Usai sekolah mereka bertiga mencegat segerombolan anak sekolah yang
tempo hari menghajar Odang. Mereka sukses membuat bonyok 7 anak itu.
----------------------------------------------
Sofi, adalah sosok malaikat bagi siapa saja yang memandangnya. Parasnya
cantik, tubuhnya tinggi proporsional. Wujud kesempurnaan wanita terpatri pada
sosoknya. Ibunya adalah seorang workaholic di sebuah perusahaan raksasa sebagai
seorang HRD GA. Sedang bapaknya adalah seorang Trainer SDM di perusahaan
manufactur besar di kota ini. Keduanya sangat sibuk bekerja. Kadang lembur.
Sofi sudah terbiasa dengan kehidupannya itu.
Jarum, sosok atletis jago berkelahi dengan tampang mirip Nicholas
Saputra tentu saja cocok bersanding dengan sofi. Yang sering kali Dadu
khawatirkan jika mereka berdua pacaran maka mereka bertiga tak akan bisa terus
bersama sepanjang hari seperti biasanya. Tapi ternyata, memang Sofi adalah
kesempuranaan wanita. Ia tak masalah jika harus jalan bersama. Kemanapun tiga
sahabat itu pergi, sofi selalu ikut. Sifatnya yang supel dan easy going mudah
membaur dengan mereka.
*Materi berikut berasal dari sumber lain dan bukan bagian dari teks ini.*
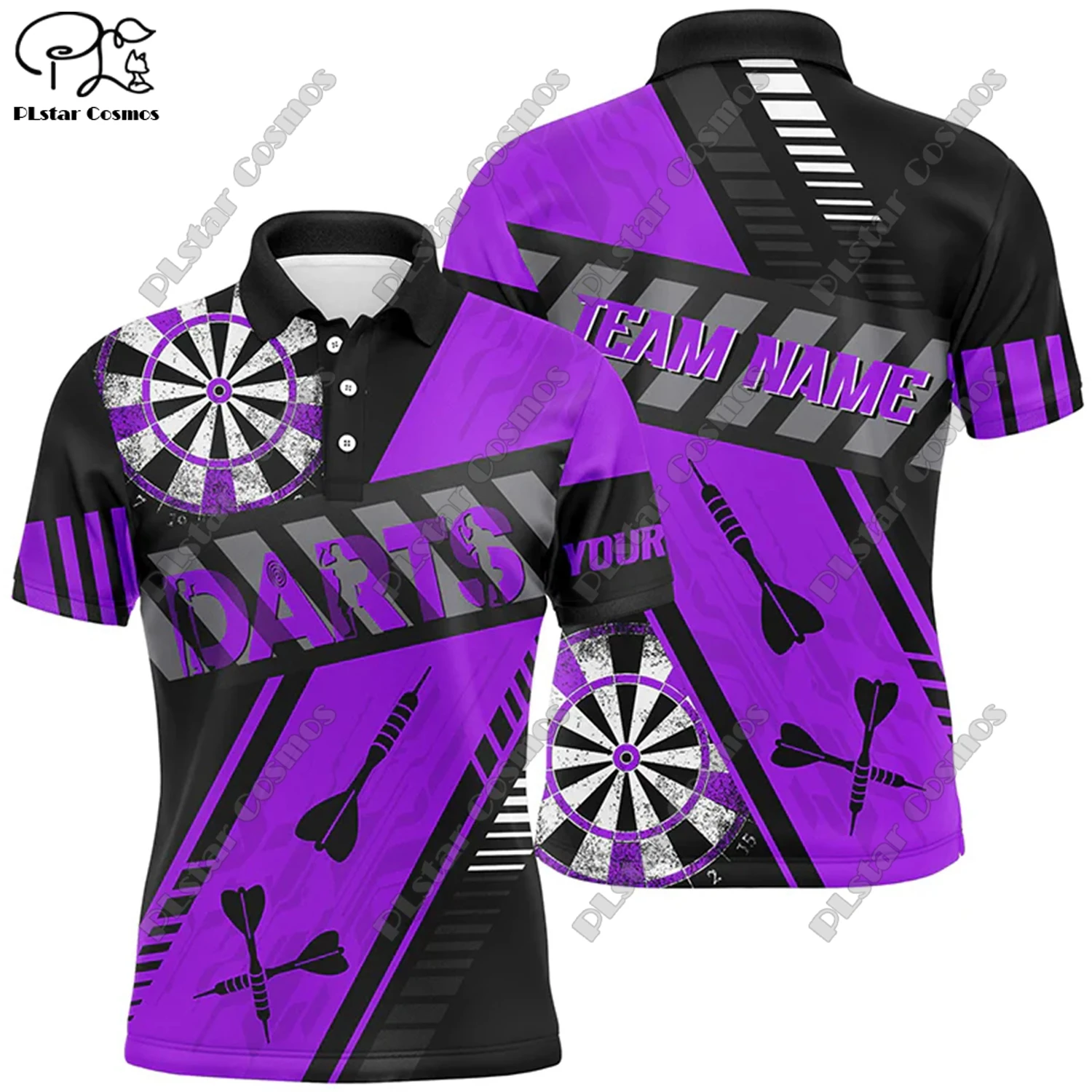 Футболка-поло с 3D-принтом пламени универсальная для отдыха спорта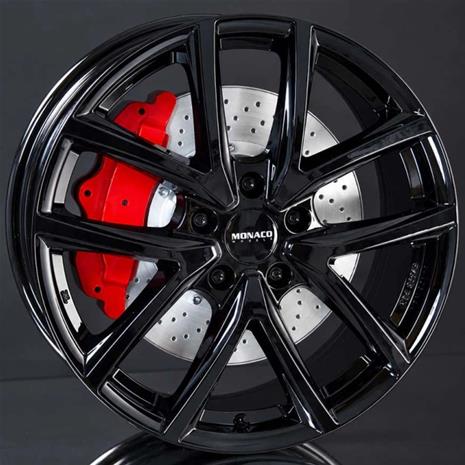 Monaco CL2 Gloss Black 7x17 5/112 ET35 B70.1 – kuva 3/3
Artinya bertambahlah satu personel yang akan menemani
cerita mereka bertiga.
Sofi dan Jarum tidak pernah berpacaran. Bagi mereka kebersamaan itu
lebih dari cukup. Tak butuh waktu lama akhirnya Sofi pun menjadi bagian dari
tiga sekawan itu. kini mereka berempat. Mengikat janji menjadi sahabat dalam
suka dan duka.
Setiap hari sepulang sekolah, bahkan lebih seringnya bolos dari sekolah
mereka bertiga akan mampir ke rumah sofi dan kumpul disana sampai emaknya Encon
menelpon menyuruhnya pulang. Karna memang Cuma rumah Sofi yang sepi sebab ibu
bapaknya biasa pulang paling cepat jam 8 malam. Kehadiran tiga sahabat barunya
itu setidaknya mampu mengusir kesepian sofi yang selalu sendiri dirumah besar
itu.
---------------------------------
Satu tahun sejak kehadiran sofi menggenapi persahabatan mereka. Sofi
sedikit banyak mampu memberi pengaruh baik bagi ketiganya.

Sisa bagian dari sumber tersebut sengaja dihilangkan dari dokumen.